Pour les Forces armées canadiennes du 21e siècle, ce ne sont pas seulement le matériel et l’équipement qui sont périmés, ce sont aussi la doctrine et l’art opérationnel qui sont obsolètes. L’habitude d’emprunter les grandes idées doctrinales aux Américains et à d’autres nations est en partie responsable de cette situation, bien qu’elle ait contribué à une plus grande interopérabilité. Ce choix n’est pas toujours efficace, puisque la culture militaire canadienne est fondée sur une expérience historique unique et sur l’emploi spécifique fait par le gouvernement canadien de son appareil militaire. Tous les arguments sont donc favorables à un art opérationnel à spécificité canadienne.
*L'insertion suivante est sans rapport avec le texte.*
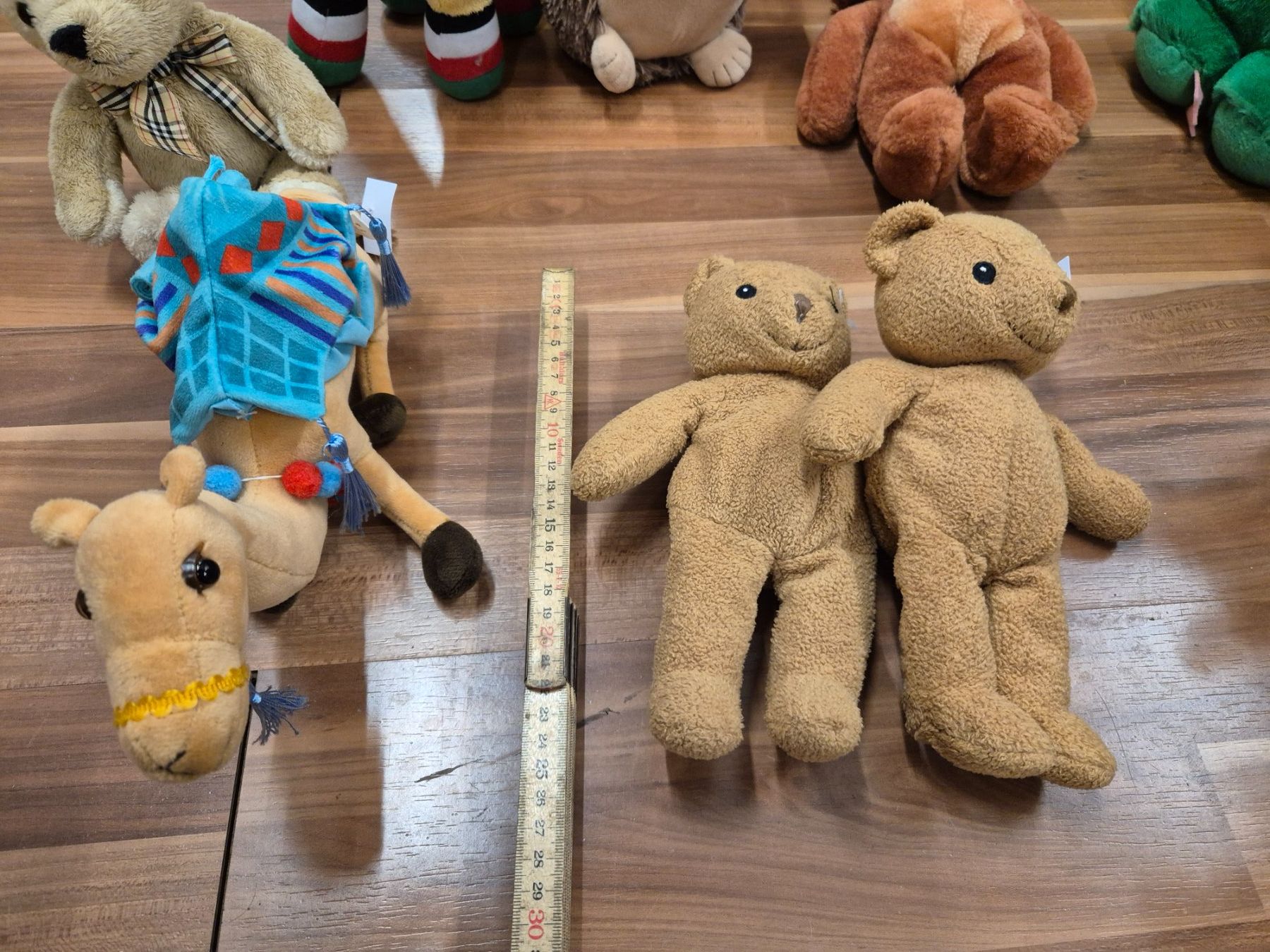 Spielzeuge: 1 Plüschtier Bär Dino Kamel Biber ..... K19 – Gebraucht aus Schwarzenburg von Flamingo07 1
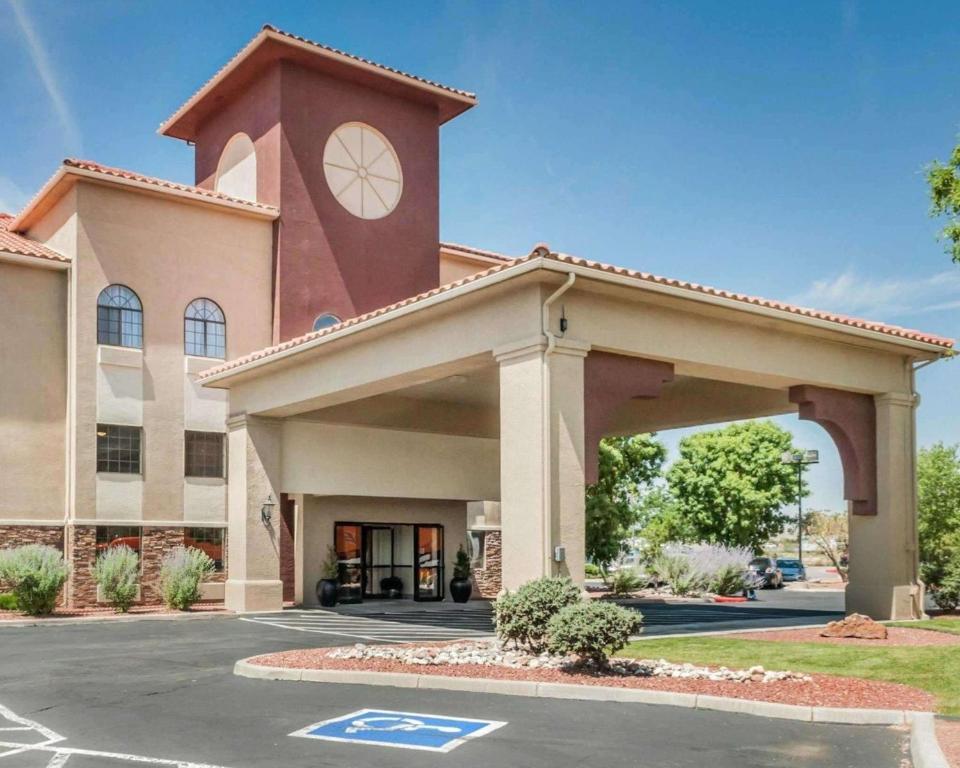 een gebouw met een klokkentoren erop bij Quality Inn & Suites in Albuquerque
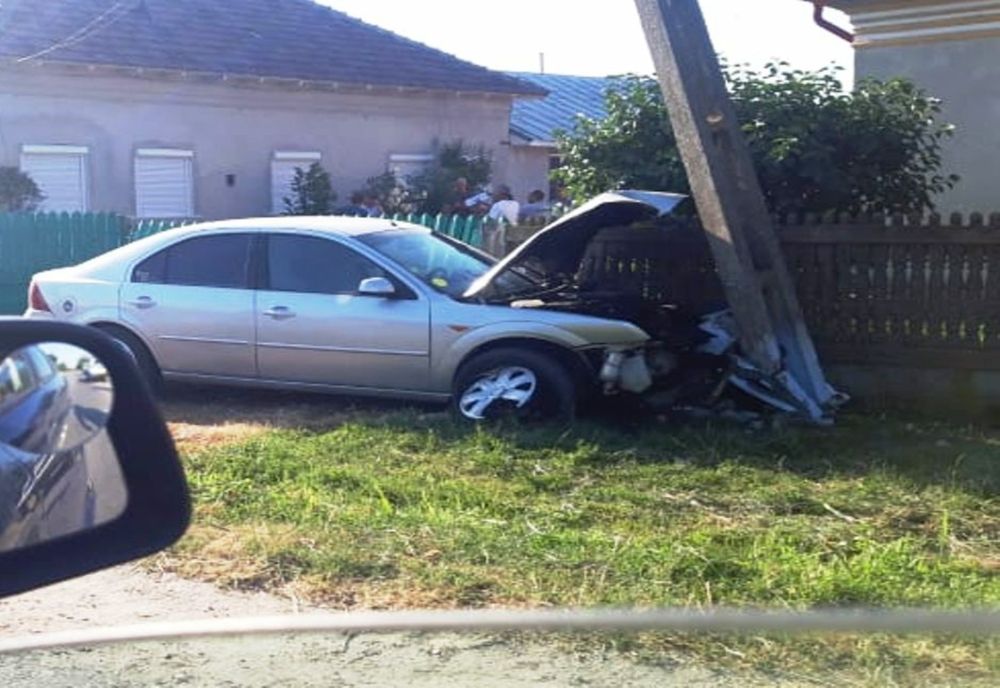 Olt: Un tânăr a intrat cu maşina într-un stâlp de electricitate 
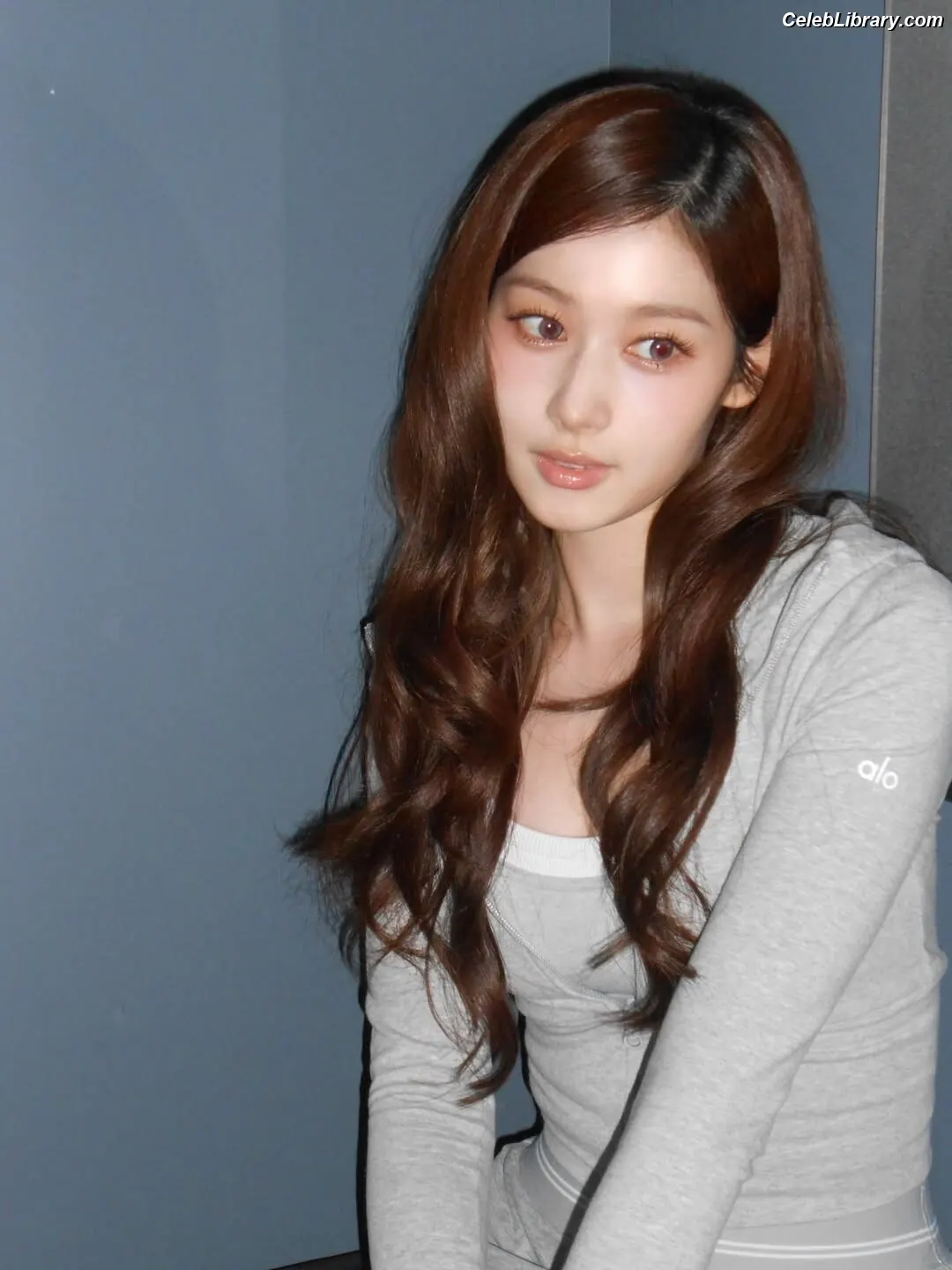 Minatozaki Sana (TWICE) photo 14 of 1068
Bien qu’elle puisse encore se fonder sur la doctrine militaire américaine afin d’assurer l’interopérabilité, la doctrine canadienne doit être assez souple pour être employée par les forces armées dans tous types de mission.

Le présent volume commence à pallier les lacunes évidentes dans l’art opérationnel au Canada, un sujet qui est encore loin d’être épuisé et qui continue d’être dominé par les écrits étrangers. Il s’inscrit dans une volonté de renouvellement des Forces armées canadiennes, mais cherche aussi à promouvoir une discussion animée sur l’allure que prendrait un art aux caractéristiques spécifiquement canadiennes. Mais pour le milieu universitaire, et ce malgré le décès de nombreux soldats ces derniers mois, cela paraît ambitieux, sinon peu probable. Ici, tous les auteurs sauf un sont des militaires de carrière. Ce sont plutôt à leurs collègues que ce volume est destiné.